May 10, 2005

The Prequel

I mentioned (here too) that just before leaving for Chicago Sunday I fell into an absurdist movie for a few minutes. It happened thus:

I was leaving about 15 minutes earlier than I thought I had to if everything went smoothly in Chicago. On the way to my car, I realized I had left my cell phone charging in my apartment. I turned back to get it. This was my mistake.

By the old folks' home up the block, a man in a wheelchair asked me how far away the Jewels was. Realizing he meant the Osco/Jewel drug store, I told him it was at the next traffic light, turn right and cross two streets. He was upset, saying he was tired. I told him that I would go to the drugstore for him but I had to be in Chicago at 6 so had to go. He asked me if I was going all the way to the end of the block, but I wasn't.

While we were talking, a car was driving out of the home's parking lot, about fifty feet away. "Why is that guy driving out of the lot over the curb?" I thought. Then I realized that there was no one in the car. My brain shut down for a second or two. The car thwacked head-on into a tree. If not for the tree, it would have gone straight out into Prospect Ave. The couple walking along between us and the car were quite startled.

(Here it occurred to me: What would I have done if they had been in the car's path? They'd have no reason to look over their shoulders. The thing to do would be to shout "Run!", but how could I have conveyed that I was talking to them, or why they should have run? It would've been hard to put the situation into words.)

I got my phone and came back out.

Someone was driving the car back into the lot (back over the lawn and the curb? I think so). The man in the wheelchair was up talking to someone who seemed to be supervising this; then he came back down, even more agitated. He was clutching a prescription and saying that his other papers had blown away. (We're almost on the lake; it's very windy.) I saw some scraps of paper on the other side of the street and nipped across to look at them. They turned out to be just scraps, but the man wanted to cross the street just there, so I stepped out and stopped traffic (just a couple of cars) so he could cross at the corner of Royall Place (no light).

Now he began to say that a man who had given him something--possibly the money for his prescription--had parked a car on Royall Place (he pointed to the car) and gone up the stairs into a building (he pointed to the building). This was the Charles Allis Museum, which I've never visited even though it's basically across the street. He wanted me to look for the man inside the building. I said that I would ring the doorbell.

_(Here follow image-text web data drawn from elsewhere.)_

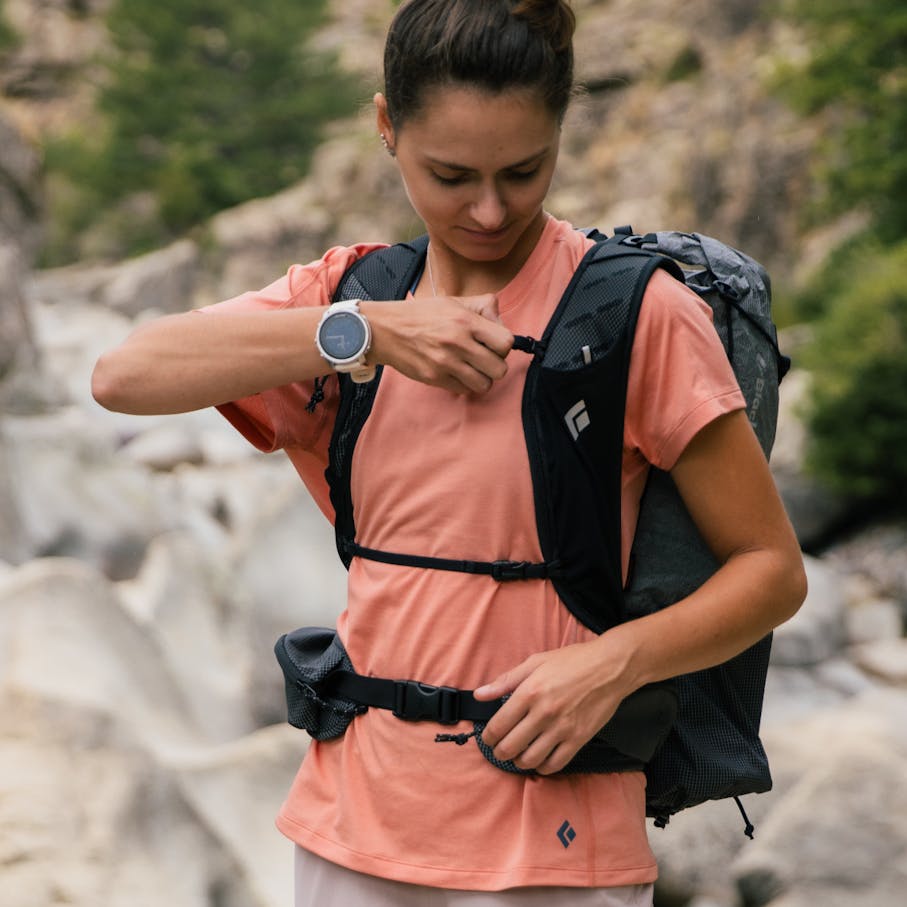 Running vest-inspired shoulder straps with extra storage pockets makes for comfortable and dynamic carrying system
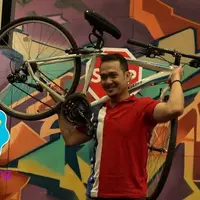 Fadlan berpartisipasi dalam pemotretan 18 artis pecinta olahraga spesial ulang tahun Bintang.com yang ke-2. 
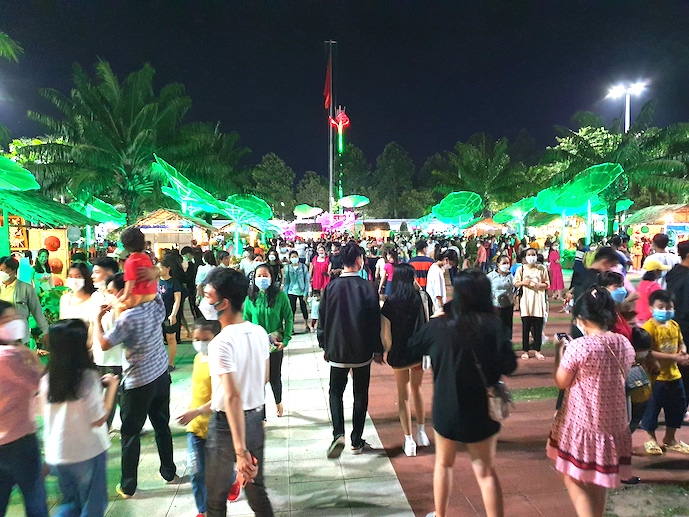 Hàng ngàn người dân và du khách tham quan tại lễ hội. Ảnh: Trung Chánh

I did, and a woman came out. The man began to tell his story of someone vanishing in the building. The woman from the museum was confused--understandably, I suppose--said that no one had come in since she'd been sitting there, and asked if he wanted to visit the museum (which I think was closed). Having passed the issue off, I slipped away. I had used up my 15 minute cushion, and I had to go; also, I thought he was building up to a touch.

At the corner of Kane Street I stepped of the curb when I was engulfed in a flock of motorcycles turning left on red. This is legal there (Prospect and Kane are both one-way), but still startling. I'm not conveying why this seemed so absurd--it was like there was no traffic and then the motorcycles condensed around me.

And then, dear reader, I went to my car, and headed for Chicago, where I little knew what awaited me. But you know the rest of the story.